▸ **Data excerpt**:
★ ★ ★ ★ ★
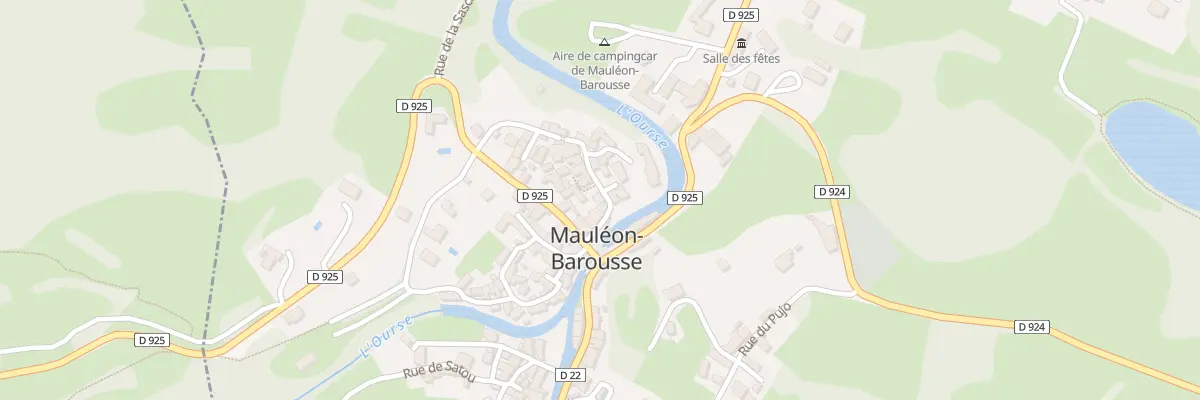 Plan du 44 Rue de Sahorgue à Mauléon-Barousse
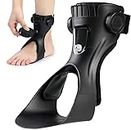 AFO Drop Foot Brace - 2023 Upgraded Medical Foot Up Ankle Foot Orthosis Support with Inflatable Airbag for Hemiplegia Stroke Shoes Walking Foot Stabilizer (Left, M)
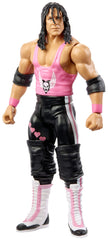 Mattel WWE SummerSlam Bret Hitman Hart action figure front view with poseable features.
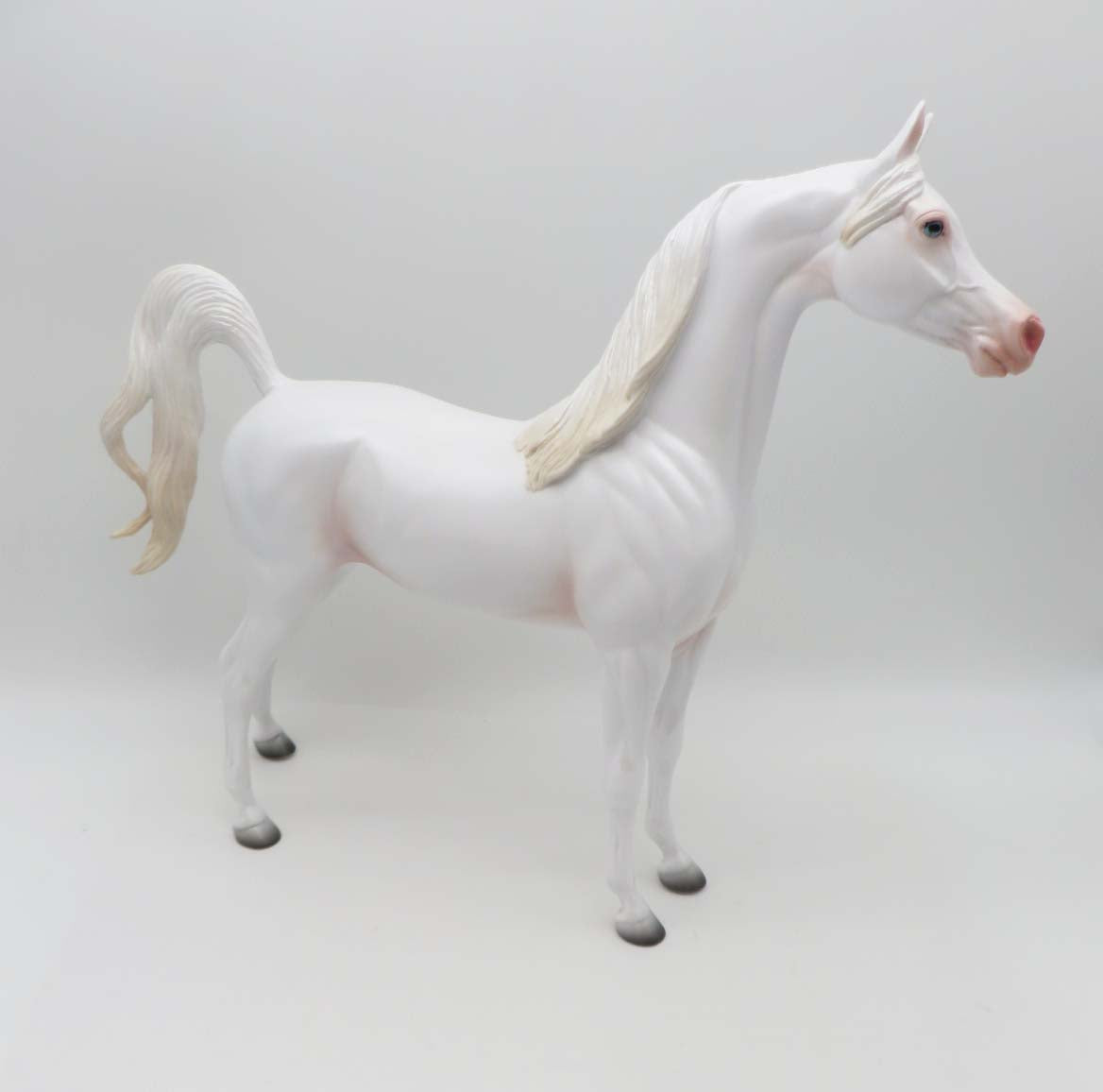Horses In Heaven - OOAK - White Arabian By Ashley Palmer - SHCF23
★ ★ ★ ★ ★
▸ **Brief**: Transcribe the material above word for word; images do not belong in the copy.

▸ **Answer for this exercise**:
 Plan du 44 Rue de Sahorgue à Mauléon-Barousse
 AFO Drop Foot Brace - 2023 Upgraded Medical Foot Up Ankle Foot Orthosis Support with Inflatable Airbag for Hemiplegia Stroke Shoes Walking Foot Stabilizer (Left, M)
 Mattel WWE SummerSlam Bret Hitman Hart action figure front view with poseable features.
Horses In Heaven - OOAK - White Arabian By Ashley Palmer - SHCF23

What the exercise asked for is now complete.